Villisca House. An Iowa-made movie that revolves around the unsolved axe murders of eight people in a southwest Iowa home decades ago is finding a new audience overseas.

Kim Busbee, co-writer and producer of “Haunting Villisca,” says she’s become acquainted with the owner of a film distribution network in Europe.

She shows American films in English to bilingual audiences in Austria and Germany and got “Haunting Villisca” into a film festival there, while plans are in the works for a premiere next month in Vienna, Austria. The movie transposes a fictional modern storyline of a man coming to grips with his wife’s suicide over re-creations of the 1912 slayings of two adults and six children in the small Villisca house.

Busbee, who also plays a small role in the film, says she’s thrilled to be reaching a wider audience at last, as the movie was first shown in the Villisca theater back in March. The film will premiere in Vienna on January 9th in one of Europe’s oldest theaters.

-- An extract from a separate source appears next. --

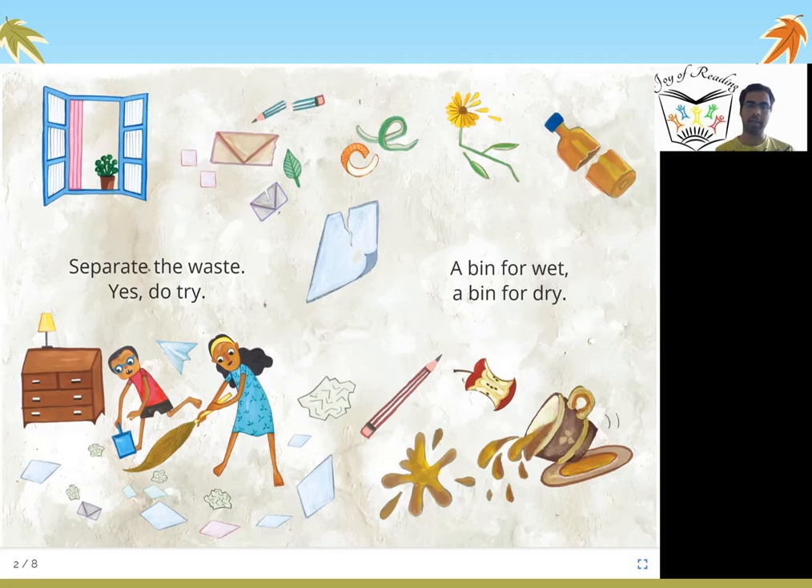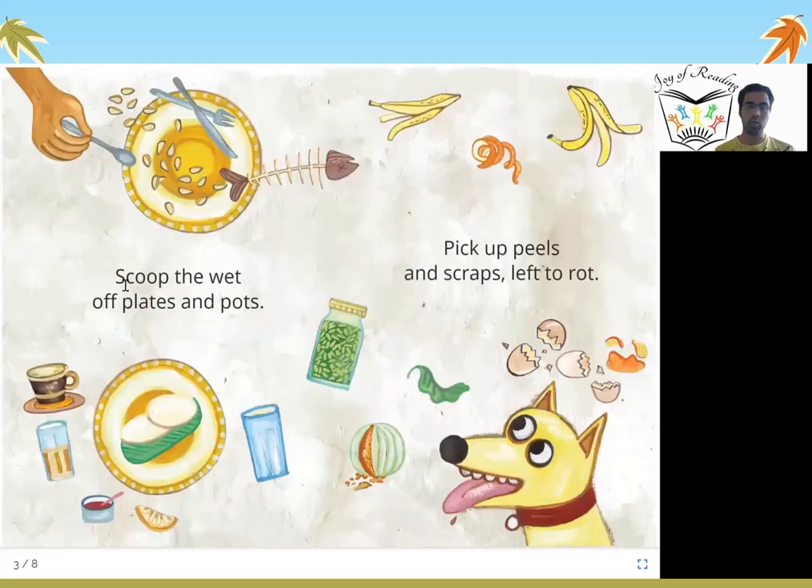You can see all different kinds of waste in this photo. Scoop the wet off plates and pots, pick up peels and scraps left to rot. From our plate there is so much food that we throw away — banana peels, banana skins, eggshells when we eat eggs. There are so many things that we just throw away. All of this waste which is food-based is wet waste, and we should put all of it in the wet waste dustbin.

Busbee, of Des Moines, says they’re getting lots of press overseas and they’ll be featured soon in a magazine in Vienna called “Skip” that’s similar to the Hollywood publication, “Variety.” She says this new international exposure to the mysterious axe murders will undoubtedly spark more tourism for Iowa.

Busbee says she’s getting email from all over the world with inquiries about where the movie can be seen, rented or purchased. She says, “A lot of people are planning to come to the Villisca house to see it. I got an email from somebody in Holland just last week asking about that.”